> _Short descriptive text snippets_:
○ ○ ○

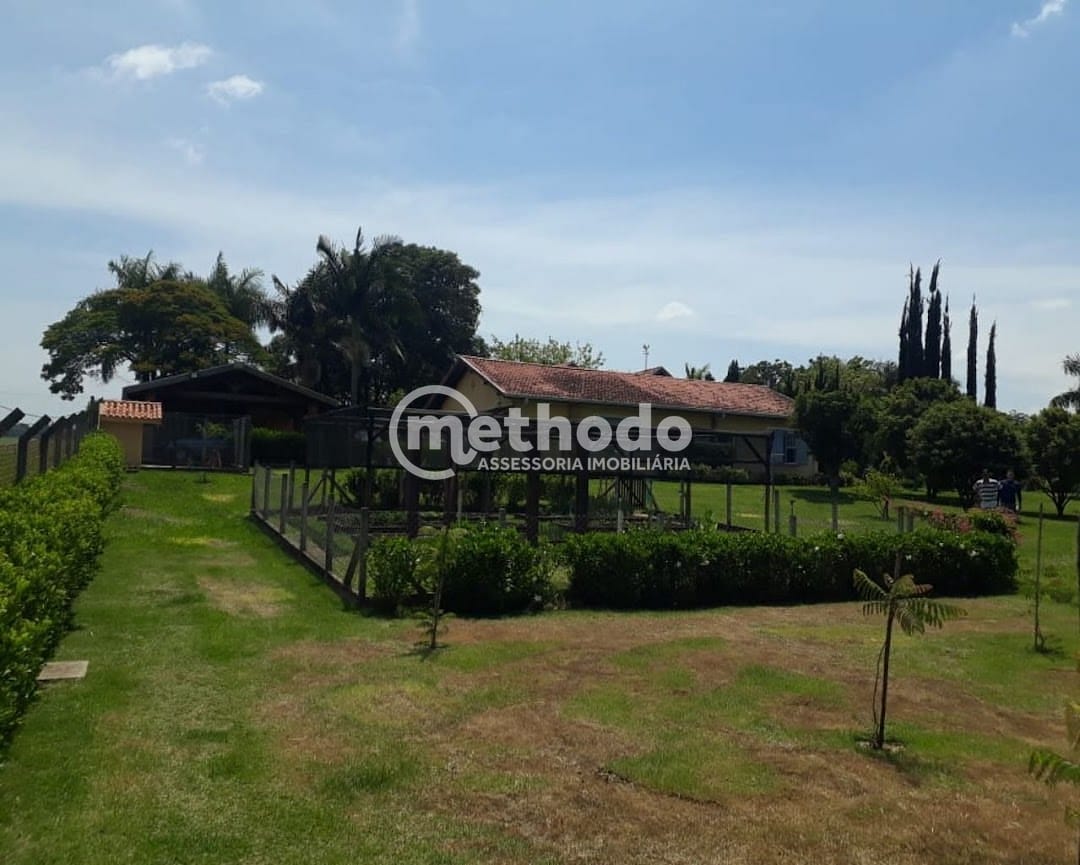 Sítio, 9 quartos, 500 m² - Foto 131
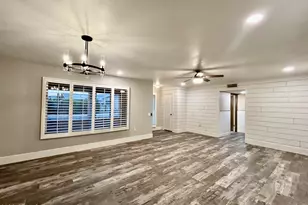 9831 W Wrangler Dr, Sun City, AZ 85373 - Photo 3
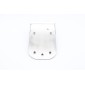CUTTER 50/70L - Upper Part Of Hinge For Lid #56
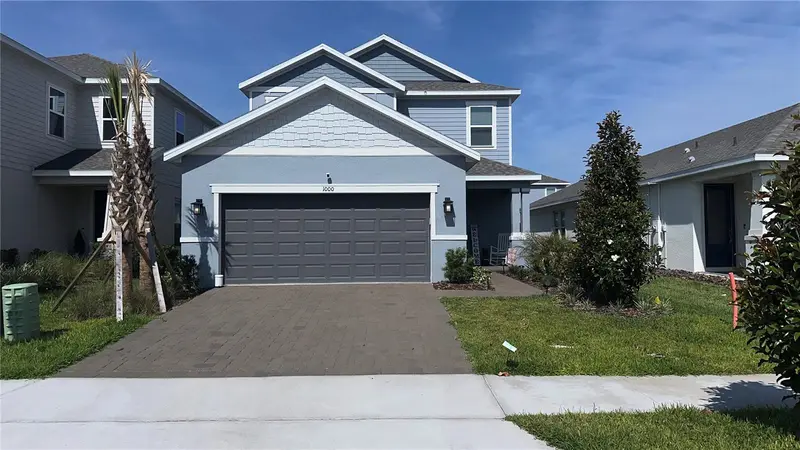 1000 Teal Creek Dr, FL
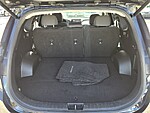 Used 2022 HYUNDAI SANTA FE XRT in DAVIE, FLORIDA (Photo 14)
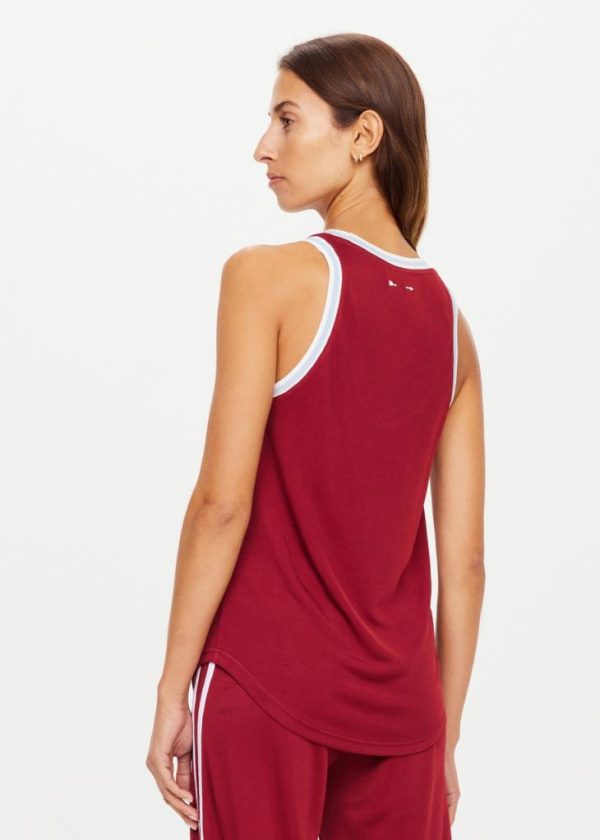 Echoappare.shop834a48363d 5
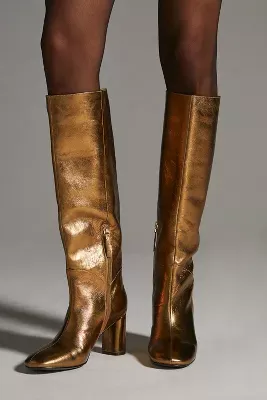 Bibi Lou Varsovia Tall Boots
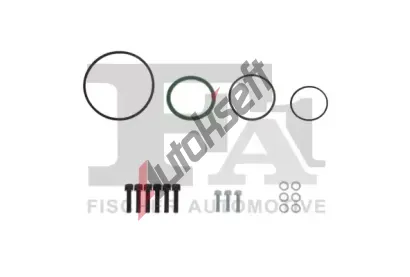 FA1 Montn sada - dmychadlo FA1 KT148-501, KT148-501
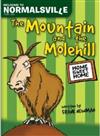 The Mountain and the Molehill
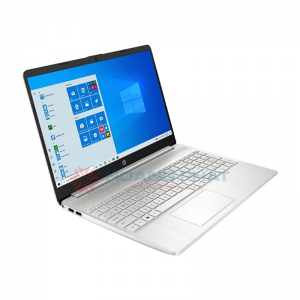 HP 15S-FQ5104TU (6K7E4PA)#2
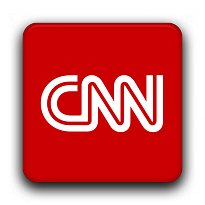CNN App (mobilní) CNN App (mobilní)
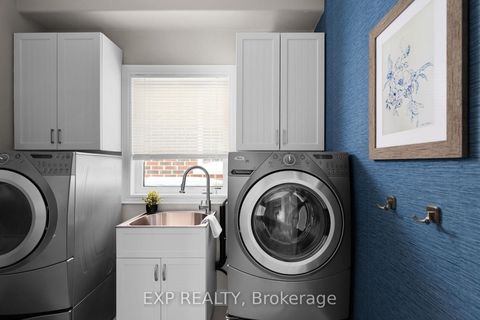 Photo 17 at 120 Jewel House Lane, Shore, Barrie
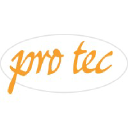 pro tec service gmbh logo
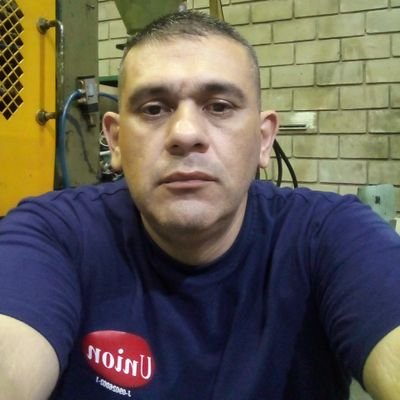 henryelgocho's profile picture. 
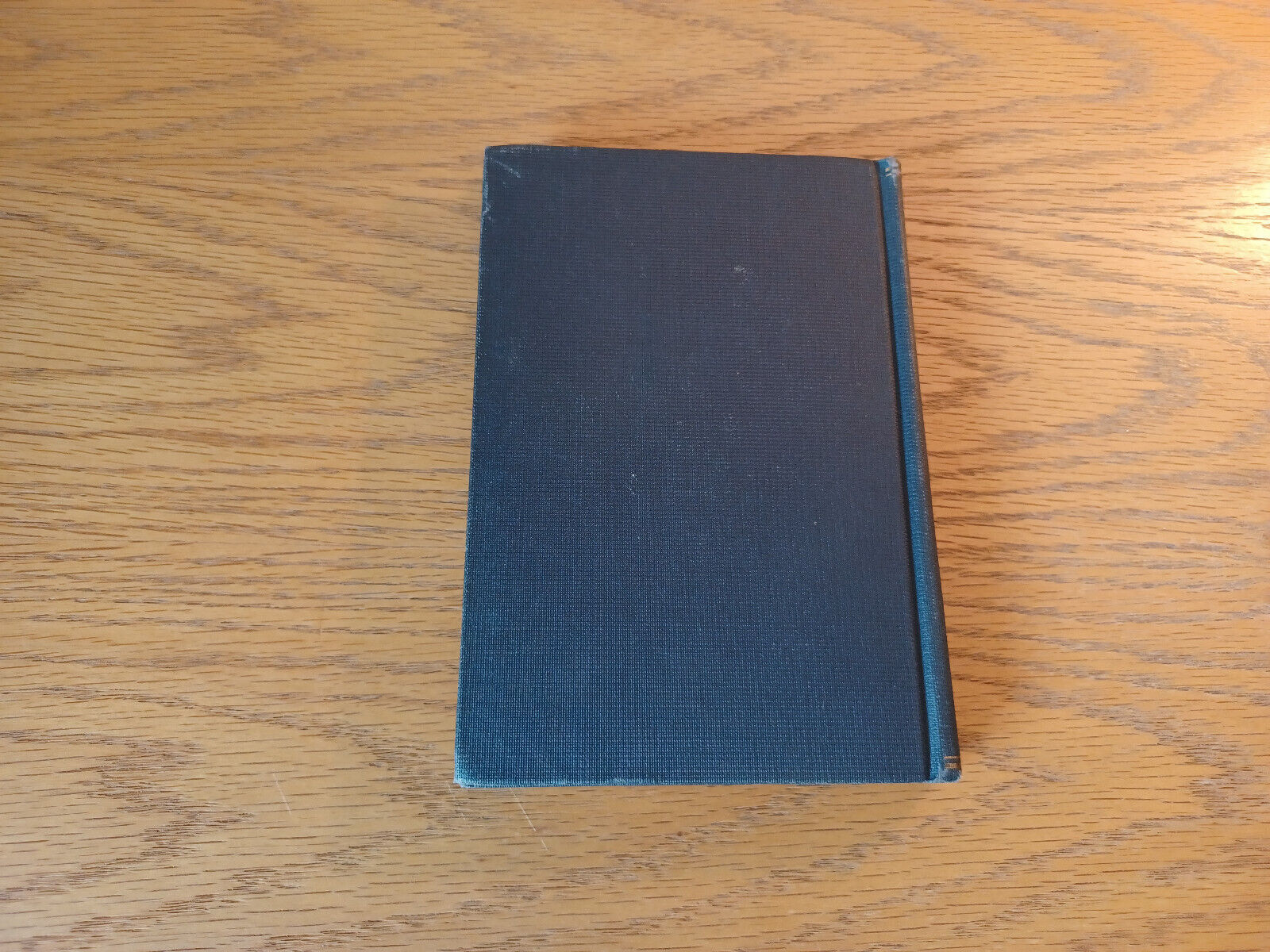 Image #6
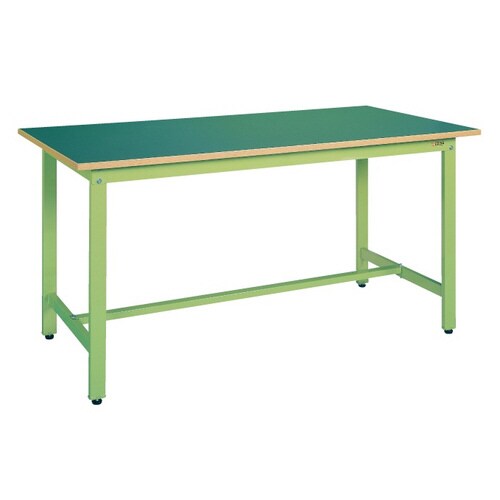 軽量立作業台KDタイプ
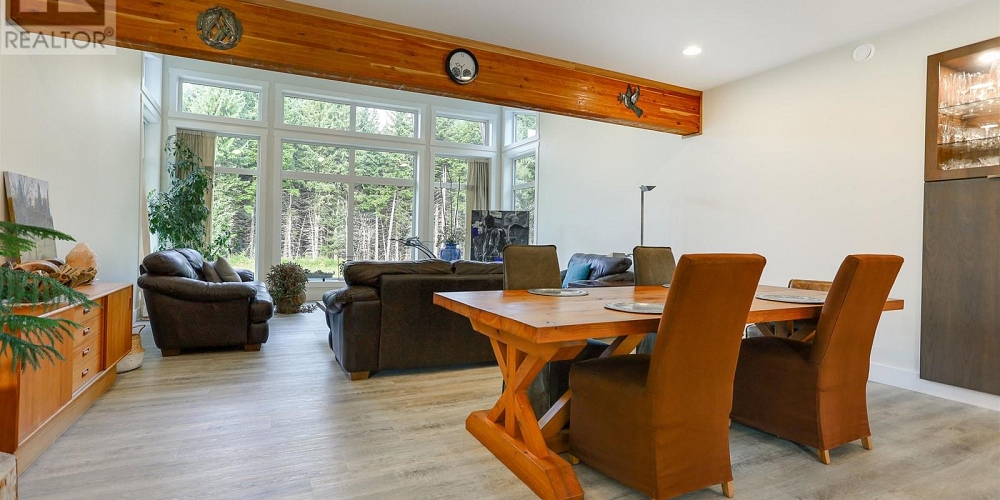 69 ELDERBERRY STREET Kitimat Photo 19 69 ELDERBERRY STREET Kitimat Photo 19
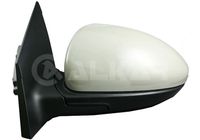 ALKAR 6127454 - Retrovisor exterior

○ ○ ○

> _Work required_:
Only the lines from the start of the records above through the line containing "軽量立作業台KDタイプ" should be returned, exactly and with both ends, please; the pictures stay out.

> _Solution for this task_:
 Sítio, 9 quartos, 500 m² - Foto 131
 9831 W Wrangler Dr, Sun City, AZ 85373 - Photo 3
CUTTER 50/70L - Upper Part Of Hinge For Lid #56
 1000 Teal Creek Dr, FL
 Used 2022 HYUNDAI SANTA FE XRT in DAVIE, FLORIDA (Photo 14)
 Echoappare.shop834a48363d 5
 Bibi Lou Varsovia Tall Boots
 FA1 Montn sada - dmychadlo FA1 KT148-501, KT148-501
 The Mountain and the Molehill
 HP 15S-FQ5104TU (6K7E4PA)#2
CNN App (mobilní) CNN App (mobilní)
 Photo 17 at 120 Jewel House Lane, Shore, Barrie
 pro tec service gmbh logo
 henryelgocho's profile picture. 
 Image #6
 軽量立作業台KDタイプ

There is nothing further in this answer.